Thèse en sciences de l’environnement, soutenue le 16 décembre 2024 par Christophe Gilliand, rattaché à l’Institut de géographie et durabilité (IGD) de la FGSE.
À l’origine de la réflexion proposée dans cette thèse se trouve un double constat. D’une part, l’existence d’une crise environnementale globalisée, engageant la responsabilité humaine, fait désormais l’objet d’un consensus scientifique indiscutable et relève du savoir populaire. D’autre part pourtant, les timides mesures mises en œuvre pour y faire face semblent indiquer que nous ne parvenons pas pleinement à saisir l’urgence, comme si la nature constituait un ailleurs situé par-delà notre champ de considération morale. Dans une perspective technique et économique, les principes habituellement mobilisés pour motiver un changement dans nos comportements vis-à-vis de notre environnement sont ceux de « gestion rationnelle » des « ressources naturelles » et des « services écosystémiques », ou encore, de « responsabilité envers les générations futures ». Alors même que nous nous savons compris dans l’histoire de l’évolution, notre appartenance propre à la nature semble être largement occultée. Ainsi, pour remonter aux racines de la crise environnementale et de nos difficultés à y faire face, sans doute importe-t-il de questionner l’anthropocentrisme qui structure notre rapport au monde. C’est-à-dire, le système de valeurs et de représentations qui place l’humain en son centre orbital.
Cette thèse, inscrite dans le champ de recherche de l’écophénoménologie, se propose précisément de contribuer à cette réflexion par l’exploration de l’expérience vécue de la nature. Autrement dit, l’expérience sensible et immédiate d’un monde vivant, un monde plus qu’humain partagé par une multitude de formes de vie. Structurée en deux parties, notre recherche vise d’abord à clarifier ce qui fait la spécificité et la pertinence de la méthode phénoménologique relativement à la question de l’anthropocentrisme. Nous soulignons qu’avant d’être un concept ou un objet de discours, la « nature » se donne comme un phénomène concret, palpable, adressé à nos sens. Comme nous le suggérons, cette façon de l’appréhender à partir d’une perspective en première personne s’avère particulièrement féconde pour la philosophie environnementale. Elle conduit à la reconnaissance intime de notre entremêlement dans la trame du vivant.
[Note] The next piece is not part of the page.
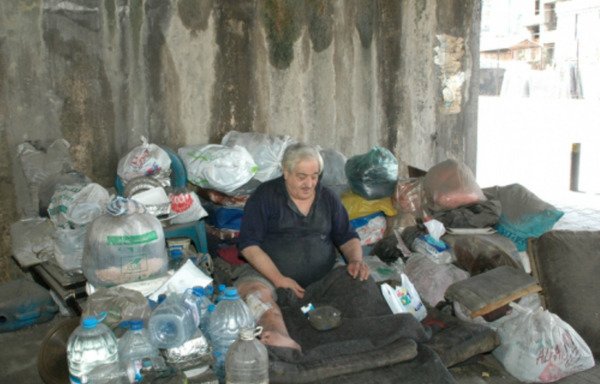 A homeless man has been living for years under a bridge in the Dora area of Beirut. Lebanon is seeking to curb its poverty rate which now stands at around 30%. [Nohad Topalian/Al- Mashareq]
Dans la seconde partie, il s’agit dès lors de plonger dans la perspective incarnée et foncièrement relationnelle de l’écophénoménologie. Notre mode d’être fondamental, proposons-nous de le comprendre, est celui de la participation. Avant d’être des observateurs détachés du monde et des êtres qui le peuplent, nous sommes pris avec eux dans l’aventure de l’existence. L’ensemble de notre propos s’articule autour de cette expérience de participation dont nous nous attelons à élucider la signification et les conséquences philosophiques. Comme nous le pensons, elle nous ramène à notre condition de vivant et donne chair à l’idée d’un « soi écologique ». Plus encore, elle s’invite au cœur de la quête de la vie bonne et offre un fondement sensible à l’engagement éthique et politique. En définitive, soutenons-nous, la clé de la « transition écologique » est à rechercher d’abord dans la qualité de notre présence au monde.